The Eleventh Man - Ivan Doig [5]
Again this time, he watched hungrily as the Cobras cut through the clear sky, high overhead. From what she had told him, when the flying weather was good this last leg of the route was a snap, the turbulent peaks of the Rockies abruptly dropping behind past the Continental Divide and unmistakable guide-posts abundant on the prairie ahead—the Sun River, the grand Missouri, and for that matter, the Black Eagle smokestack. His imagination soared up there with her, her cat-quick hands on the controls, her confident wiry body in the tight-fit cockpit of the lead P-39.

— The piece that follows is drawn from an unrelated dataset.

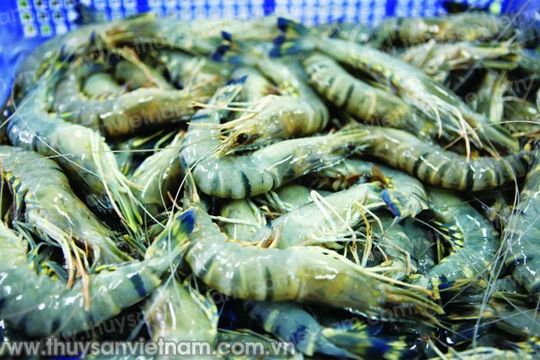 Cảnh báo tôm, cá bẩn từ Đài Loan, Ấn Độ nhập khẩu vào Việt Nam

She had not told him this part yet, but by asking around the air base he'd learned Cass Standish also had a reputation for bringing in her flights safely no matter what the weather or visibility. ("She can navigate in zero visibility like a wild-ass Eskimo," a crusty tower officer had provided the apt quote, although Ben had to clean it up.) He stirred up inside just thinking of it. For the life of him, he could not see why the Women Air Force Service Pilots were not allowed to deliver the P-39s, and for that matter the B-17 bombers and anything else that flew, onward north to the waiting Russian pilots in Alaska. In a saner world, where his TPWP minder in Washington wondrously would not exist, his piece about the flying women of East Base would outright say that. Getting something like that across between the lines was becoming a specialty of his.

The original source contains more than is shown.